Look for recurring themes:
- •Maintenance complaints (water intrusion, parking lot issues, elevator breakdowns)
- •Budget discussions (particularly about shortfalls or spending cuts)
- •Vendor problems (contractor disputes, delayed projects)
- •Homeowner complaints (noise, violations, management company performance)
- •Legal matters (any mention of attorneys, lawsuits, or legal counsel)
- •"Special assessment" — in any context
- •"Deferred" — as in deferred maintenance or deferred projects
- •"Legal counsel" or "attorney" — may indicate litigation
- •"Insurance" — premium increases, coverage changes, claims
- •"Reserve" — discussions about reserve adequacy
Minutes 20-25: Insurance and Litigation
Insurance summary.

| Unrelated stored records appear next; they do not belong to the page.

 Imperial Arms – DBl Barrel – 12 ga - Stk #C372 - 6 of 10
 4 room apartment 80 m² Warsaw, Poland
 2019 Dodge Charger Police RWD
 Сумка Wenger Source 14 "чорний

Verify:
- •The policy is current (not expired or expiring soon)
- •Coverage types include property, liability, and directors & officers
- •The deductible is reasonable (high deductibles mean more out-of-pocket costs for owners if there's a claim)

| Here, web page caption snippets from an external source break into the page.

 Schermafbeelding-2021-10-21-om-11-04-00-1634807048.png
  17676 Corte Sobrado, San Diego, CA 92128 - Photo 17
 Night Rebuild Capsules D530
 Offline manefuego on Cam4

- •Flood insurance is in place if the property is in a flood zone
- •Is it a routine collection action? (Not concerning)
- •Is it a construction defect lawsuit? (Potentially significant)
- •Is it a personal injury claim? (Usually covered by insurance)
- •What's the potential financial exposure? (Large claims can affect assessments and property values)
Minutes 25-30: Your Specific Property
Account ledger. Check the seller's payment history. Any outstanding balances, fines, or violations? These should be resolved at closing, but knowing about them helps you verify the settlement statement.
Violation history. Are there any open violations against the property? Unapproved modifications, maintenance issues, or rule violations can transfer to you as the new owner.
Assessment amount verification. Confirm the current monthly/quarterly assessment matches what was represented in the listing and contract.
Five minutes. You now know the property's specific standing with the HOA.
The Cheat Sheet
When you're done, you should be able to answer these questions:
- 1.Is the HOA financially healthy? (Budget balanced, reserves funded, low delinquency)
- 2.Are major expenses coming? (Reserve study, special assessments, insurance increases)
- 3.Do the rules work for my lifestyle? (Pets, rentals, parking, modifications)
- 4.Is the community well-governed? (Meeting minutes, board engagement, management quality)
- 5.Are there legal or insurance concerns? (Litigation, coverage gaps)
- 6.Is the seller's account clean? (No outstanding balances, violations, or fines)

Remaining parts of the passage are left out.